I meet the client at a discreet location. We chat over coffee. I take notes, go home, do some research, see the humour, find the pathos, write a draft and send it over. The client loves it. We meet again and practice the delivery. I encourage them to step outside their comfort zone – a lectern is not a life raft for example – and get physical. I encourage them to use their hands, but not like a traffic policeman. They say they feel stupid. I show them on camera how they’re quite the opposite. We give the text a final brush-up and rehearsal just before the day itself. The speech is a triumph. The client sends me a thank you note and my modest fee. Job done. 

That’s how it’s supposed to go. But if there’s one consistent problem I bump up against it’s the client saying, when they read my text, ‘But I wouldn’t say that.’ I do not reply, ‘Then why did you ask me to write it?’ I will have tried to get a handle on their character and style, just as I did with the hedges and grandchildren for you. But sometimes I do write something they wouldn’t think of, which is what they’re really concerned about. 

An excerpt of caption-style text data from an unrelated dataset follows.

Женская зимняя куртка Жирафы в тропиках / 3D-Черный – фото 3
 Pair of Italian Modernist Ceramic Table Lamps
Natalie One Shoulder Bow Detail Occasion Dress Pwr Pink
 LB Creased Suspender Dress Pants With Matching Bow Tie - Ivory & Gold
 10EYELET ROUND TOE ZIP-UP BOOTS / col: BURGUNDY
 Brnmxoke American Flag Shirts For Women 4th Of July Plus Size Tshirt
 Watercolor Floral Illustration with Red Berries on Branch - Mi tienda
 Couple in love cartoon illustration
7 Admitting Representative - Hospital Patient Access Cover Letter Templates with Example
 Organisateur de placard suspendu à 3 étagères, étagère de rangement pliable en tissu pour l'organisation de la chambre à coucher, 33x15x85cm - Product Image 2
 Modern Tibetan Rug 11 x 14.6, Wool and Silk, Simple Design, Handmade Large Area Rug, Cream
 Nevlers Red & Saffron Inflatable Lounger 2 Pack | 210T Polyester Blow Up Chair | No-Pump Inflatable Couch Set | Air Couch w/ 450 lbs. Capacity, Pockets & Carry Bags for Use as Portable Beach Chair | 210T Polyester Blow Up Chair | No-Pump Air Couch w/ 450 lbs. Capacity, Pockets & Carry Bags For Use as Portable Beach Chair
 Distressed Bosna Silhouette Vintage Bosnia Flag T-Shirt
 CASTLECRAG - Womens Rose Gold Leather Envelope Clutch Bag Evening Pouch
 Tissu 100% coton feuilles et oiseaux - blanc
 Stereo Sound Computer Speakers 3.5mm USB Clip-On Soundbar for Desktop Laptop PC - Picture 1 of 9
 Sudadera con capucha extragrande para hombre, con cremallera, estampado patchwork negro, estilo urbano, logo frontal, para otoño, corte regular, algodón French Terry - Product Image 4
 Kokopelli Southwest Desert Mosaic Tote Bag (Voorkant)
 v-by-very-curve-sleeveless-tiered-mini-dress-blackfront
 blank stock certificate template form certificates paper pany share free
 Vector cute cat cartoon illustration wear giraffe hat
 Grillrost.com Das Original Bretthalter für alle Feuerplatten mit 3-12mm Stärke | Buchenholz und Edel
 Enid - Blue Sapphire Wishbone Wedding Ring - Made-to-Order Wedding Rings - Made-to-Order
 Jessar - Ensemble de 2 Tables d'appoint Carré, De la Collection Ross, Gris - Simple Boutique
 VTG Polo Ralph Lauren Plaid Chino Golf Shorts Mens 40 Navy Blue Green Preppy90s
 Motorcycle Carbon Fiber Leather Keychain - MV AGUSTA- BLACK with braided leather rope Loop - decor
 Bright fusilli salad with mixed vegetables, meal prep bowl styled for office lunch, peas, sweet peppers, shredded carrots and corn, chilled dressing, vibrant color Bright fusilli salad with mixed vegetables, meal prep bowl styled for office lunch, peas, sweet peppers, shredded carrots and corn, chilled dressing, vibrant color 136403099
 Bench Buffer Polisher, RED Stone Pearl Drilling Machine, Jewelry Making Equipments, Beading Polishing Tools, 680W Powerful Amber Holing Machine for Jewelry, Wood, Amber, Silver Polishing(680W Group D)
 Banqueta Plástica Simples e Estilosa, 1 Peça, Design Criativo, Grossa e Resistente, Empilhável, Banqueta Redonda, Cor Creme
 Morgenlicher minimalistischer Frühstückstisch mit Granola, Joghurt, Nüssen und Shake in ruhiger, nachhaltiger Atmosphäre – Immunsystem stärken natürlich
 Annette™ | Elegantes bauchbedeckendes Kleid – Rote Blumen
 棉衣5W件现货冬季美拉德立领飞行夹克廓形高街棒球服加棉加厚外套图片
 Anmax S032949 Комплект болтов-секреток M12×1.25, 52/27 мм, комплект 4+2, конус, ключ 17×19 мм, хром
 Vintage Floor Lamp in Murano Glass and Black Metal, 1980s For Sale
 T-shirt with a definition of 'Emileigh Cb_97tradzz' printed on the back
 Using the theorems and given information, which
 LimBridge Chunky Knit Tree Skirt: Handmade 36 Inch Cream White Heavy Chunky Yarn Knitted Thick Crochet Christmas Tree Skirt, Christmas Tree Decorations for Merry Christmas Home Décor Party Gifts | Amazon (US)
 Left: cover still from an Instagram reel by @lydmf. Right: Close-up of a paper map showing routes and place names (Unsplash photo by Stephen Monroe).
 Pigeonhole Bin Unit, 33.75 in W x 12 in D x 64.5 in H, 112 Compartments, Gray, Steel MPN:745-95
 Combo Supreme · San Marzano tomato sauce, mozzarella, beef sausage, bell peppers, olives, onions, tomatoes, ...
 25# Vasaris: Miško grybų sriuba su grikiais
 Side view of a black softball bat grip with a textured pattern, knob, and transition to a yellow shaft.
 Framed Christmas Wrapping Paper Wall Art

My cunning solution is to ask the client if they use a cookbook when they entertain at home. They always answer with disarming honesty, although I sometimes wonder if they substitute Ottolenghi for Delia. But that means they’ve paid attention to another of my top tips: never let the truth get in the way. Once I’ve got them where I want them, I ask if they themselves take the credit when their guests rave about their culinary skills. Of course they do. And I’ve proved my point. 

But recently I have come up against a new obstacle, and this is where I need your help. Nothing to do with Chat GPT. Chat GPT is artificial. It cannot be genuinely amusing. It cannot see jokes. Besides, anyone who wants to give a boring speech plagiarised by Chat GPT is never going to come to me, so I never encounter it.  

No, the problem is you, the friends of the speechmaker. It’s the high season for wedding speeches and I’m crazy busy. I have taken on some people who have written much of the speech themselves. These are the ones who got double firsts in creative writing at the University of East Anglia, or maybe it was a single first in creative non-fiction, whatever that is (it sounds like speechwriting). They present their text with the quivering pride of an obedient spaniel. I read it. I shudder, which is very different to a quiver. My comments are delivered as unbelievably politely as plausibly possible. I make suggestions so humble even Baldrick would tell me to stand up for myself.  

And then it comes. ‘I read it to my friends, and they said it was excellent, so I will leave it as it is, thank you.’ I want to scream. I shall not give examples: people talking about themselves not the stars of the day, in-jokes, or worse: in-jokes with a put-down of the other side’s star of the day no one will understand but whoever does should feel mightily upset.  

Now could you please, Friends of the Speaker, when my client reads his or her speech to you – true friends speak truth to true friends – remind them: ‘It’s not about you. That joke is embarrassing and certainly not funny. And the bit that you said does not sound like you (and it does, because you just said it) which ‘someone’ suggested, is on the nail. Ask them for more.’